Also called abusive head trauma, shaken baby syndrome (SBS) is the end result of an infant being violently shaken. It is the main cause of death or neurological injury in infants who are abused. The perpetrators in approximately 90% of all SBS cases are males, typically the biological father of the infants.
Quite frequently, child abuse is under-recognized by respective authorities and the disabling, sometimes subtle, neurological impairment associated with SBS makes diagnosing the condition particularly challenging.
More than fifty percent of infants with SBS at the time of presentation have no previous medical record of abuse, while approximately twenty-five percent of them may have experienced minor trauma in the past.
The violent shaking that causes SBS leads to the destruction of brain cells and respiratory difficulties with ensuing cerebral hypoxia. Edema and subsequent increased intracranial pressure (ICP) followed by ischemia with decreased cerebral perfusion pressure are all results of the hypoxia.
The clinical hallmarks of SBS are retinal and subdural hemorrhages. Subdural hemorrhages are the most common lesions seen in SBS. The ensuing symptoms are mostly due to the increased ICP.
However, there are always some patients who may not show any signs or symptoms of ICP. Less frequently, subarachnoid and intraparenchymal hemorrhages may be seen. Bleeding between the cerebral hemispheres often times is an early and specific sign in SBS.
Infants may present with irritability of extreme proportions, lethargy, vomiting, poor feeding, and/ or appetite, blue or pale colored skin, unconsciousness, convulsions, and coma.
Other clinical features include bruises, tremors, increased head circumference, and bulging fontanelles (i.e. soft spots on the head). Mild symptoms associated with SBS may be so subtle that they go unnoticed or their non-specificity cause them to be overlooked.
Infants who have been violently shaken will appear clinically ill immediately following the trauma to even the most untrained eye. Mild, non-specific signs may persist for some time and may be easily attributed to other etiological factors such as colic, feeding difficulties, or an infectious illness.
Moreover, some signs of previous injury may only become evident after recurrent abusive head trauma. These children may have chronic enlargement of the head and perform poorly in terms of achieving the expected milestones of infancy.
The diagnosis of SBS is confirmed with the identification of retinal hemorrhages, which may be found in one or both eyes. They are usually found together with subdural hemorrhages, because a lesser force is required to produce the latter. Several theories have been postulated for the cause of retinal hemorrhages.
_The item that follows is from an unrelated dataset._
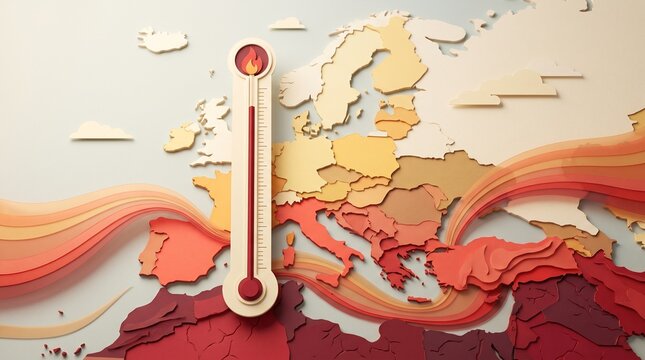 Climate change concept with thermometer and red heat waves over map of Europe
One such theory is the traction injury, which suggests that oscillation of the vitreous and lens causes damage. Another postulates that retinal damage may be a consequence of increased intracranial or intrathoracic pressure.
Abused infants may present with distinctive metaphyseal fractures that occur during shaking.
Fractures of the posterior ribs may occur due to the grip used to hold the child. Up to as many as ninety-five percent of SBS infants may present with skull fractures, particularly of the parietal or occipital bones.
Suspicions should be raised in infants who have depressed bilateral or multiple fractures. It is even more suspicious if these fractures cross suture lines.